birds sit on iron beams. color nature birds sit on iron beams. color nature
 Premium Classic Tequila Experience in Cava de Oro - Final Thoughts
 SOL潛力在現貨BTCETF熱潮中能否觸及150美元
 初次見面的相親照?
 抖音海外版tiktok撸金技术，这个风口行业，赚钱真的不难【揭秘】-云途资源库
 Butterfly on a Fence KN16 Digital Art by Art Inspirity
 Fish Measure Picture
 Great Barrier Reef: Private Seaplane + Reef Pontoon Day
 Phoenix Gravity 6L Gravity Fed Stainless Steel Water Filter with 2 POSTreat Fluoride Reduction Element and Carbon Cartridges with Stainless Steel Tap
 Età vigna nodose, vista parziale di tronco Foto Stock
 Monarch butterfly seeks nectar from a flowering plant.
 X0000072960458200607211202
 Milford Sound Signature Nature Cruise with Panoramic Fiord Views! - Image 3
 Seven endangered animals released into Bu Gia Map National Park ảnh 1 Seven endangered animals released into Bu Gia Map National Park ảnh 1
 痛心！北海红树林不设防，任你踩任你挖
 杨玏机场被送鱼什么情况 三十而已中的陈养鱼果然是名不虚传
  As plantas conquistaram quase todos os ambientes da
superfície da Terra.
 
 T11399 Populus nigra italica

********

What you are asked to do
The lines from the one containing "杨玏机场被送鱼什么情况 三十而已中的陈养鱼果然是名不虚传" through the end of the data are to be copied exactly, the first and last of them included.

Solution for this task
 杨玏机场被送鱼什么情况 三十而已中的陈养鱼果然是名不虚传
  As plantas conquistaram quase todos os ambientes da
superfície da Terra.
 
 T11399 Populus nigra italica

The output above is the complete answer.